----- Provided data -----
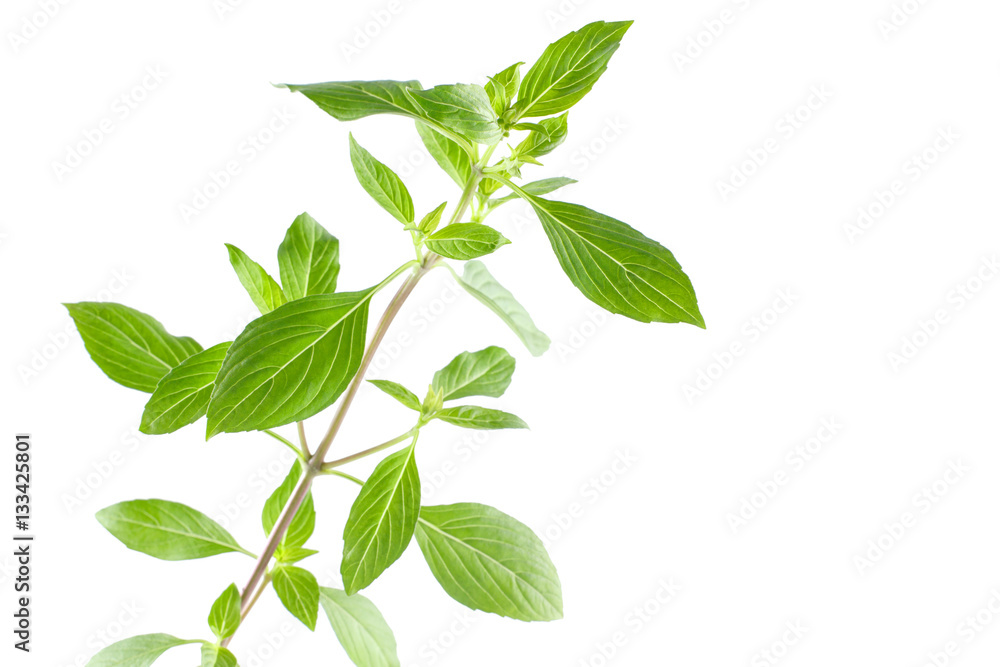Green fresh sweet basil leafs isolated on white background Green fresh sweet basil leafs isolated on white background
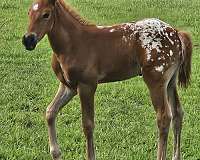 endurance-appaloosa-araloosa-horse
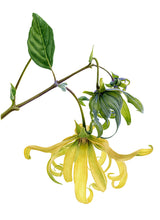 Load image into Gallery viewer, Ylang Ylang - 100% Medagascar Essential Oil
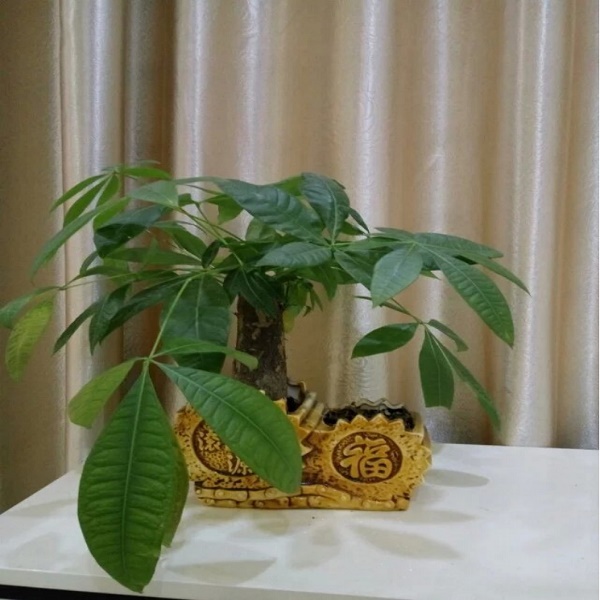 来自佰富彩包装的那抹绿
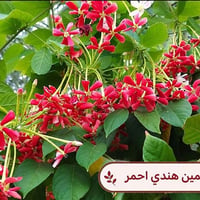 أشجار زينة • شتلات قوية • توصيل لجميع المحافظات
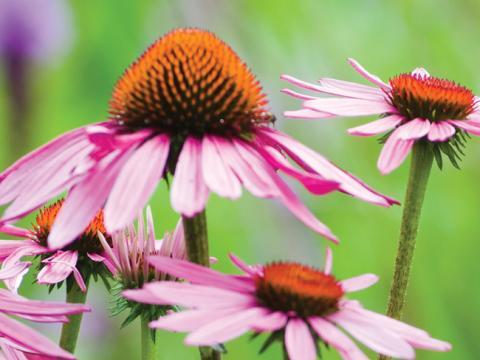 vignette échinacée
-----
Please output the records exactly, leaving the pictures out.

Green fresh sweet basil leafs isolated on white background Green fresh sweet basil leafs isolated on white background
 endurance-appaloosa-araloosa-horse
 Load image into Gallery viewer, Ylang Ylang - 100% Medagascar Essential Oil
 来自佰富彩包装的那抹绿
 أشجار زينة • شتلات قوية • توصيل لجميع المحافظات
 vignette échinacée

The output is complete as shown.